Some Reddit users pointed out that if the woman got this upset over the sour cream, it's probably something that has happened before.
"It’s a boundary thing from my perspective," one person commented. "If you bought an ingredient for a stated purpose and he ignored that, he created an additional task you need to perform again. If you are this upset, my guess he frequently ignores boundaries or puts an unfair mental in you even if things are financially fair."
Another user agreed: "When someone bursts into tears over someone deliberately trodding over a well established boundary/mention of usage, it's because it's the upteenth time they've done it. It wasn't just today's sour cream. It was likely also a whole loaf of bread, or a whole block of cheese, or the last half of the milk that was needed for xyz that went to him opting to drink milk when he usually doesn't."
Redditors don't think it's about the money either (at least not completely).
Although it sounds like the OP is at least somewhat stressed about money and puts a lot of time and effort into budgeting, to many Reddit users, the problem doesn't seem to be about that — at least not entirely.
"It's not even about the money," one person wrote. "It's about the fact that he disrespected your time and mental energy spent shopping and meal planning and not only that he refuses to spend any time and energy of his own fixing it."

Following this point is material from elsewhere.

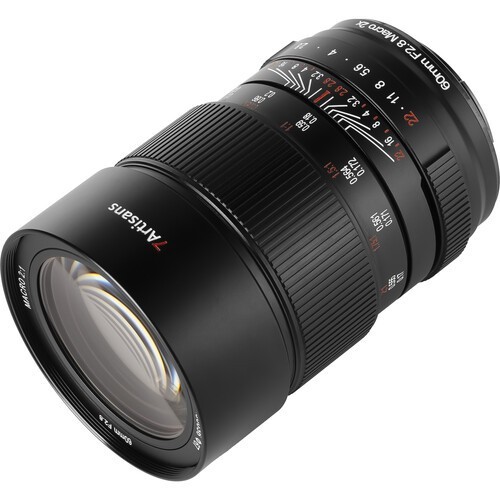 7Artisans 60mm f/2.8 Macro 2x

One added: "It’s really about you feeling unappreciated for the work you put into planning to ensure that you’re getting the most bang for your buck. And, it’s likely there’s some stress mixed in there due to the fact that prices have increased."
Many understand why the woman reacted the way she did.

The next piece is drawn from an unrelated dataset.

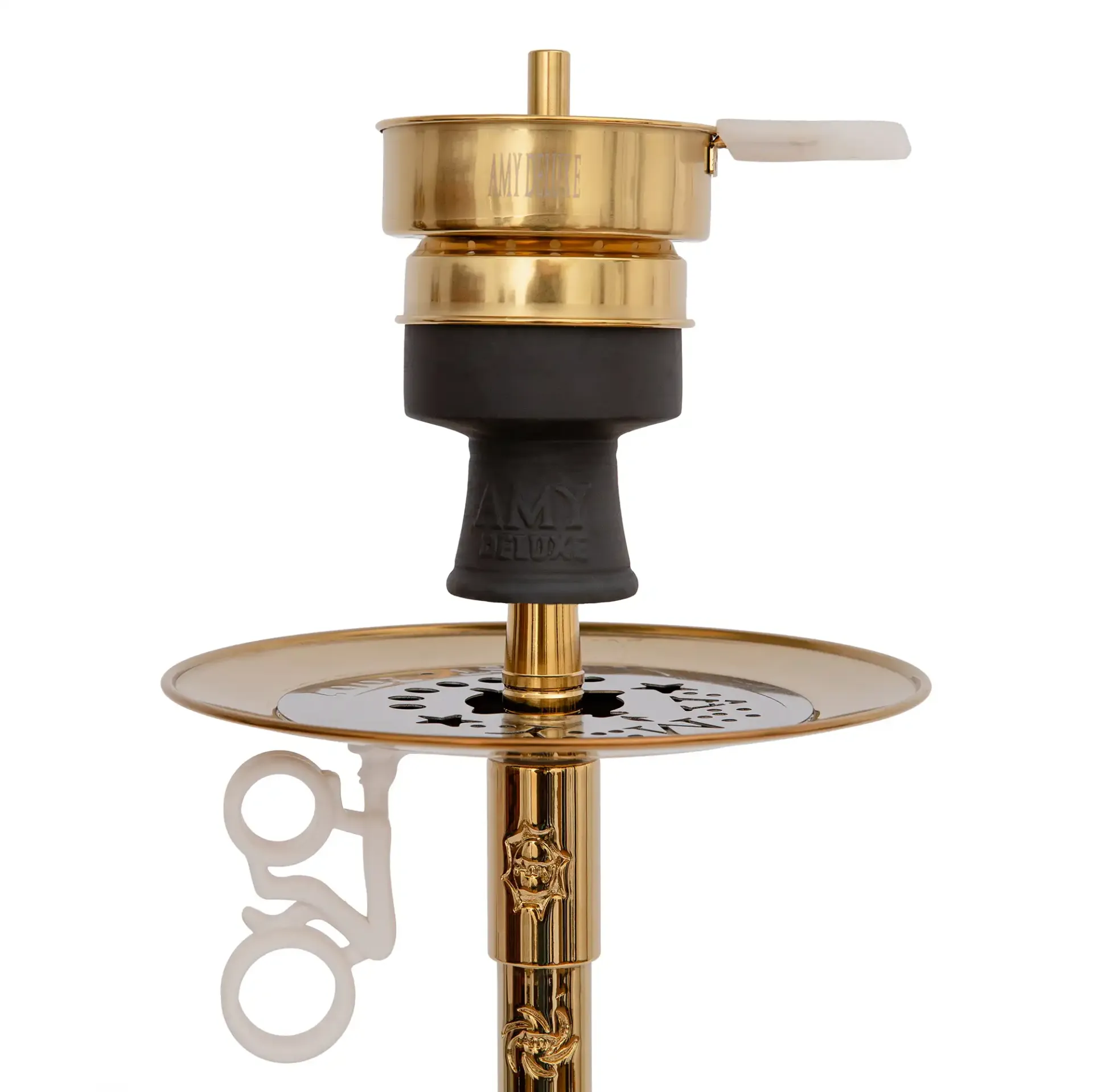 Amy 060.02 Middle Cloud R Goud - Zwart - Afbeelding 2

With many Reddit users thinking this woman is doing too much, they completely understood why she reacted the way she did. Some suggested splitting the costs of groceries more evenly, though some said it probably still wouldn't be truly even based on the OP's description of what she does (and what her boyfriend eats).

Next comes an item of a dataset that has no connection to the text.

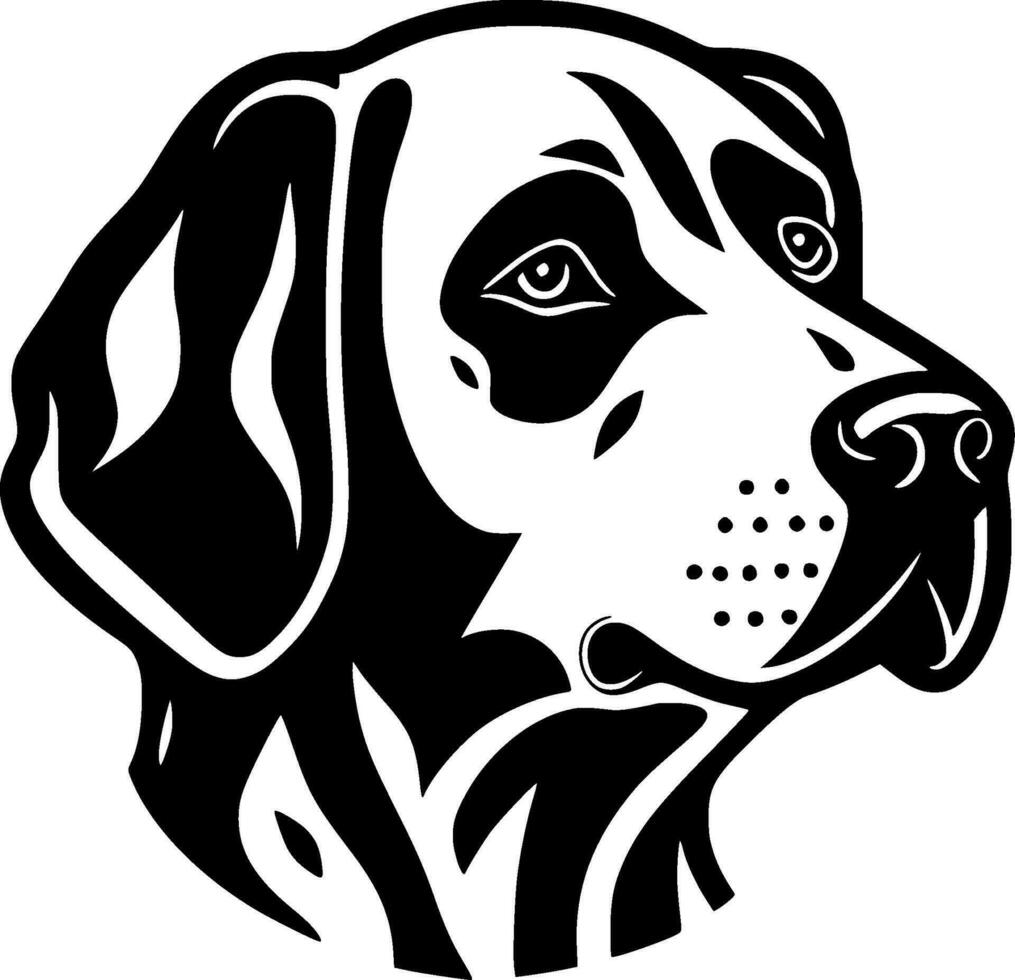 dalmatiër - hoog kwaliteit vector logo - vector illustratie ideaal voor t-shirt grafisch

Most said that the boyfriend should go get another tub of sour cream after eating all of it, and many think that is the absolute least he should do.
"Whether or not he thinks you’re being dramatic you have a valid argument," one person wrote. "The problem isn't how you express your emotions. It’s what he did."
Though most understand, some critique the way she reacted.
Although most were supportive, one user acted like the woman should just calmly explain the situation to her boyfriend. The same user also said that it sounds like her boyfriend doesn't have enough snacks at home.
One person wrote: "'Hey, you ate all the sour cream. I need it for meal prep for three different meals. Please go to the grocery store right now and get us a new tub of sour cream as I need to start cooking. And this is coming out of your money, because I've already bought all the groceries that we needed.' There. No screaming, no crying."
Some agreed, saying the OP "overreacted," while others pointed out that simply telling the boyfriend to go to the store would not work considering the OP already said he wanted her to go to the store to buy the replacement.
A lot of people don't understand why the boyfriend would snack on sour cream.
A lot of Reddit users were perplexed by the boyfriend, not just because he refused to go to the store, but also because he ate sour cream as a snack.
"How did he snack on sour cream? Like with a spoon?" one person asked.
Another wondered: "Who snacks on a whole tub of sour cream??"
The OP confirms that it was not really about the sour cream.
Despite all of the conversation surrounding sour cream, it was not truly about the sour cream, as many suggested.
One user suggested: "I can only speak for myself, but usually it’s not about the 'sour cream'…. It’s usually layers of something."
The OP edited her post to add that the people who responded were correct: it was not really about the sour cream. "Those of you who said it’s not really about the sour cream but about being disrespected are 100% correct," she wrote.